Y todo eso está muy bien porque, si me han leído atentamente, yo no he dicho en ningún momento que haya que casarse sin amor y por motivos estrictamente racionales, sino que es perfectamente posible hacerlo. Y ello con la clarísima intención de excluir, por peregrina, la justificación del divorcio por un motivo tan rematadamente estúpido como que «se ha acabado el amor». Me parece estupendo y razonable que la gente se case si está enamorada y si está en condiciones jurídicas, morales, antropológicas, sociales y psicológicas de casarse. Dicho en otras palabras: me parece perfectamente fuera de lugar que la gente, por muy enamorada que esté, se case si ya está casada (el divorcio no hace desaparecer el vínculo matrimonial, eso es ridículo también); si se trata de dos varones o de dos señoritas; si se trata de dos parientes próximos; si se trata de un católico y un militante del Estado Islámico; si se trata de una persona normal y de un demente peligroso, etc. Porque el enamoramiento es posible en todos esos casos; pero el matrimonio, no.

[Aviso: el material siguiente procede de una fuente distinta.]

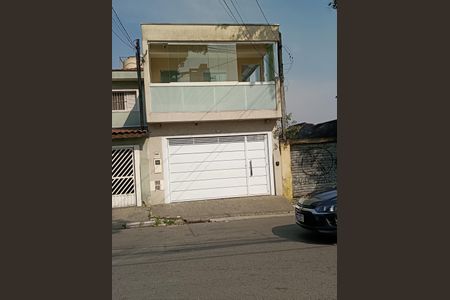 Fachada de casa à venda com 3 quartos, 195m² em Rochdale, Osasco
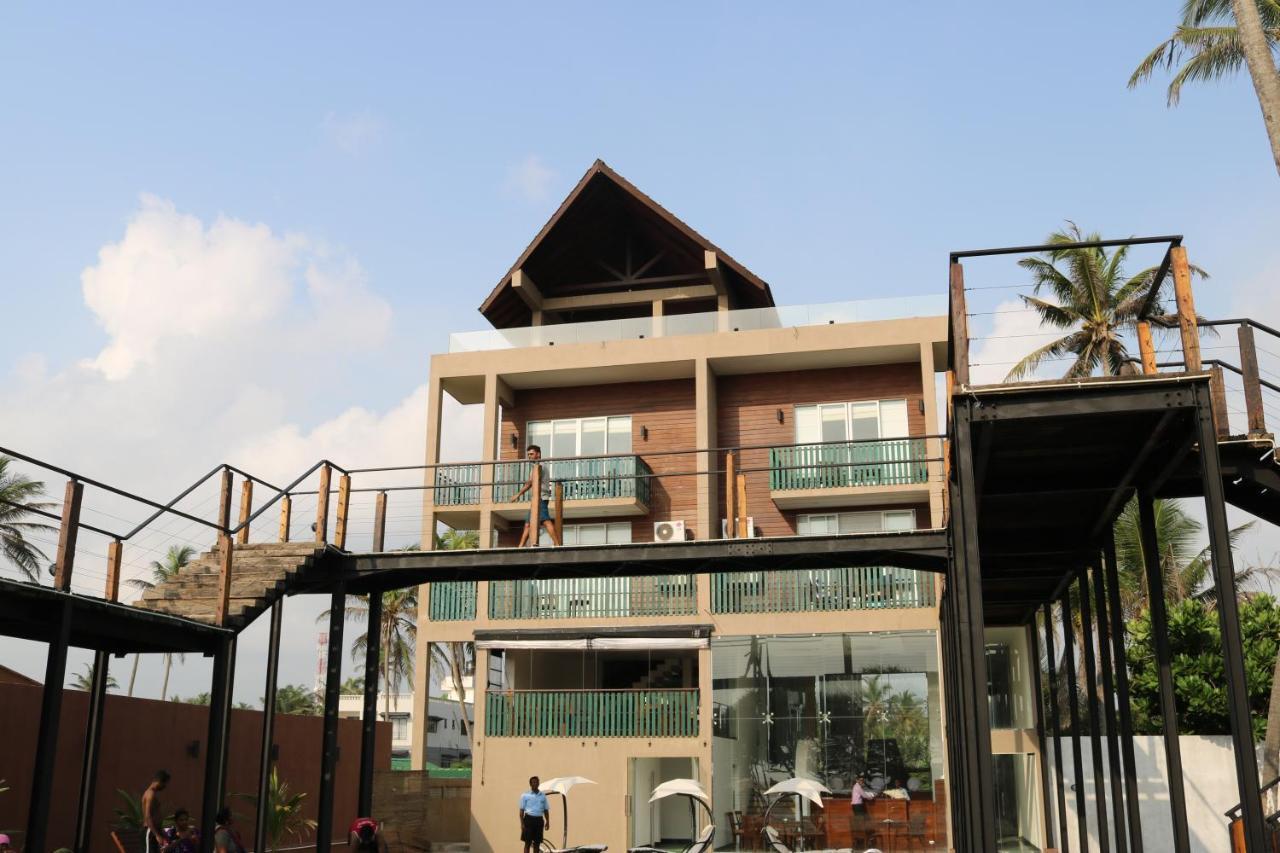 Saprin Beach Resort Усветакейява Екстер'єр фото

El problema argumental de la película y de toda defensa del amor como garantía de la felicidad y de la estabilidad conyugal y familiar es un problema de poner el carro delante de los bueyes: es, he aquí la tesis, el matrimonio, el que puede causar el amor real y duradero, precisamente porque facilita las condiciones de su pleno y perfecto desarrollo, y no al revés.
Las tres hijas de Tevye (la ingenua, la idealista y la incauta[2]) tratan de persuadir a su padre de que casarse por amor será la mejor manera de conservar el amor que profesan a sus respectivos enamorados durante el resto de sus vidas. Que es exactamente lo que piensa la inmensa mayoría de la gente antes de casarse.
El problema es que eso del principio que puede motivar (accidentalmente) el matrimonio, sólo puede llamarse «amor» de manera analógica, cuando no directamente equívoca, pues se trata de un amor que no se ha aquilatado con años de las naturales y esperables dificultades que provoca la vida en común y que pueden, o bien fortalecer, o bien liquidar sin remisión ese sentimiento original, sea tácito y convenido o apasionado y novelesco. Porque la garantía del éxito en el matrimonio no depende, para nada, de la intensidad de los sentimientos con los que fue contraído.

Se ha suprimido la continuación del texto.